I'm using the following Powershell script to go through the files & produce a list of the changes needed. The script runs, but is beyond slow. I haven't worked on the replace logic yet, but I assume it will be similar to what I've got.
# replace a string in a file with powershell
[reflection.assembly]::loadwithpartialname("Microsoft.VisualBasic") | Out-Null
Function Search {
# Parameters $Path and $SearchString
param ([Parameter(Mandatory=$true, ValueFromPipeline = $true)][string]$Path,
[Parameter(Mandatory=$true)][string]$SearchString
)
try {
#.NET FindInFiles Method to Look for file
[Microsoft.VisualBasic.FileIO.FileSystem]::GetFiles(
$Path,
[Microsoft.VisualBasic.FileIO.SearchOption]::SearchAllSubDirectories,
$SearchString
)
} catch { $_ }
}
if (Test-Path "C:\Work\ListofAllFilenamesToSearch.txt") { # if file exists
Remove-Item "C:\Work\ListofAllFilenamesToSearch.txt"
}
if (Test-Path "C:\Work\FilesThatNeedToBeChanged.txt") { # if file exists
Remove-Item "C:\Work\FilesThatNeedToBeChanged.txt"
}
$filefolder1 = "C:\TestFolder\WorkFiles"
$ftype = "*.txt"
$filenames1 = Search $filefolder1 $ftype
$filenames1 | Out-File "C:\Work\ListofAllFilenamesToSearch.txt" -Width 2000
if (Test-Path "C:\Work\FilesThatNeedToBeChanged.txt") { # if file exists
Remove-Item "C:\Work\FilesThatNeedToBeChanged.txt"
}
(Get-Content "C:\Work\NumberXrefList.CSV" |where {$_.readcount -gt 1}) | foreach{
$OldFieldValue, $NewFieldValue = $_.Split("|")

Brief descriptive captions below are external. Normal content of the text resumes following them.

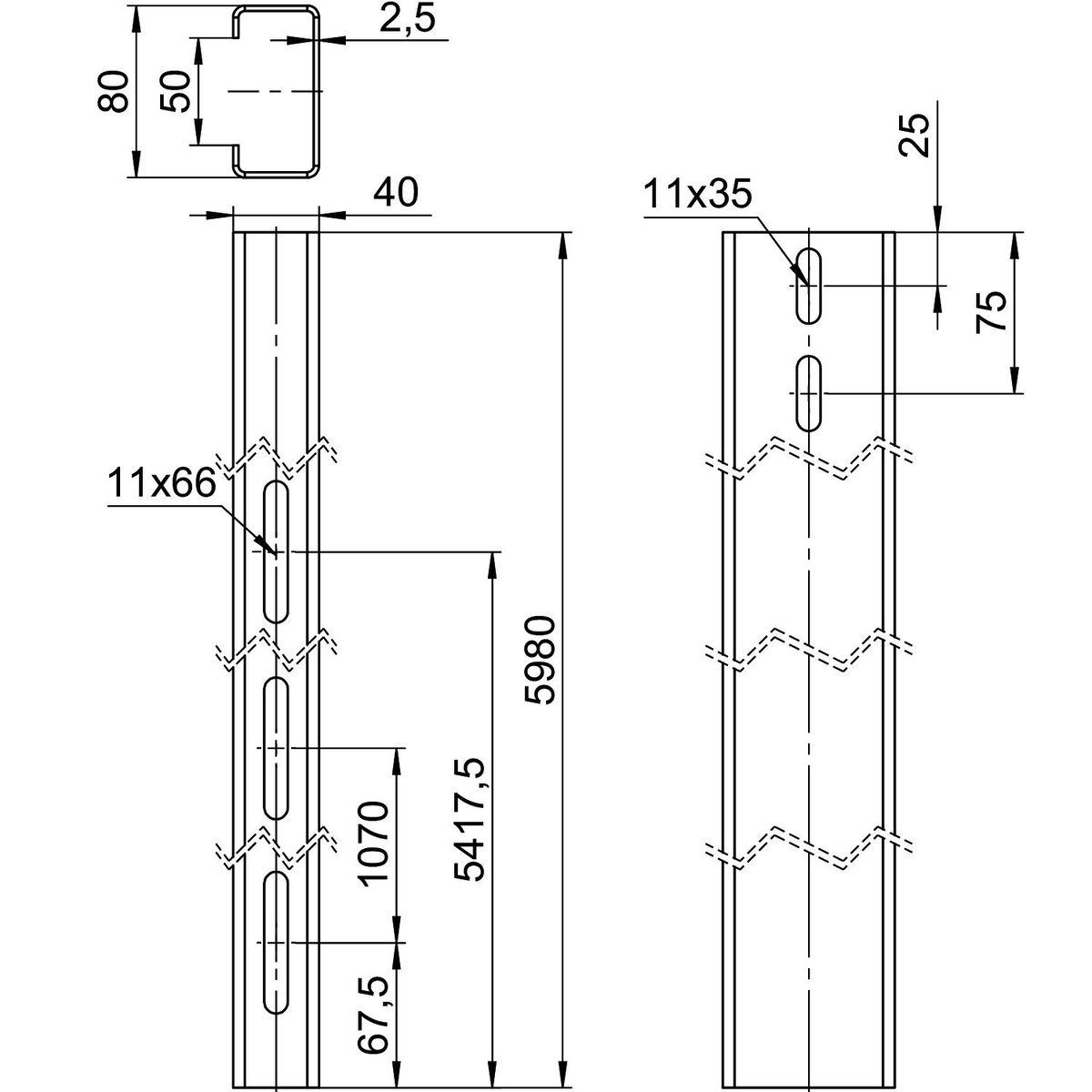 Perfil de estrutura para sistema em espaço aberto 40x80x5980 Aço Galvanizado por imersão a quente após maquinação zinco – Imagem 2 de 2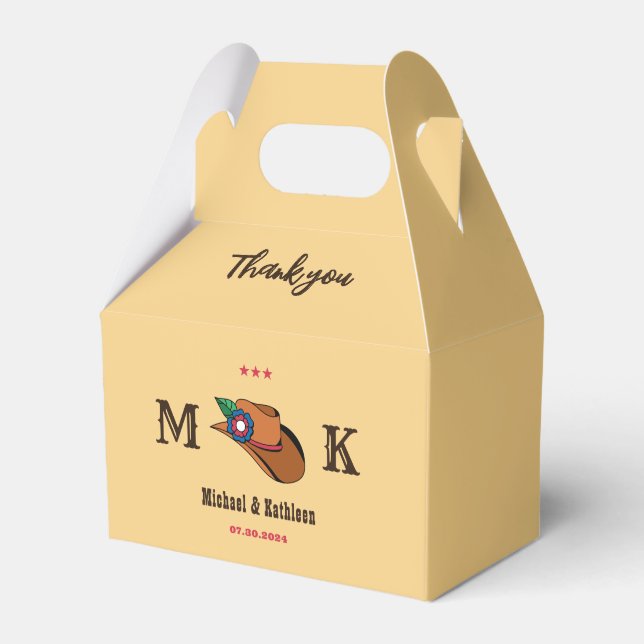 Western Floral Cowboy Hat Rustikale Landhochzeit Geschenkschachtel (Vorderseite)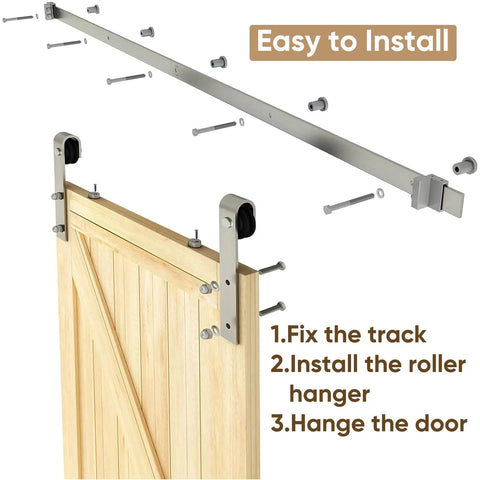 6 Ft Brushed Nickel Sliding Barn Door Hardware Kit With Smooth Quiet Hanger Rollers, installation process shown with wooden door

$filenamelist = (Get-Content "C:\Work\ListofAllFilenamesToSearch.txt" -ReadCount 5) #|
foreach ($j in $filenamelist) {
#$testvar = (Get-Content $j )
#$testvar = (Get-Content $j -ReadCount 100)
$testvar = (Get-Content $j -Delimiter "\n")
Foreach ($i in $testvar)
{
if ($i -imatch $OldFieldValue) {
$j + "|" + $OldFieldValue + "|" + $NewFieldValue | Out-File "C:\Work\FilesThatNeedToBeChanged.txt" -Width 2000 -Append
}
}
}
}
$FileFolder = (Get-Content "C:\Work\FilesThatNeedToBeChanged.txt" -ReadCount 5)
Get-ChildItem $FileFolder -Recurse |
select -ExpandProperty fullname |
foreach {
if (Select-String -Path $_ -SimpleMatch $OldFieldValue -Debug -Quiet) {
(Get-Content $_) |
ForEach-Object {$_ -replace $OldFieldValue, $NewFieldValue }|
Set-Content $_ -WhatIf
}
}
In the code above, I've tried several things with Get-Content - default, with -ReadCount, and -Delimiter - in an attempt to avoid an out of memory error.
The only thing I have control over is the length of the old & new replacement strings file. Is there a way to do this in Powershell? Is there a better option/solution? I'm running Windows 7, Powershell version 3.0.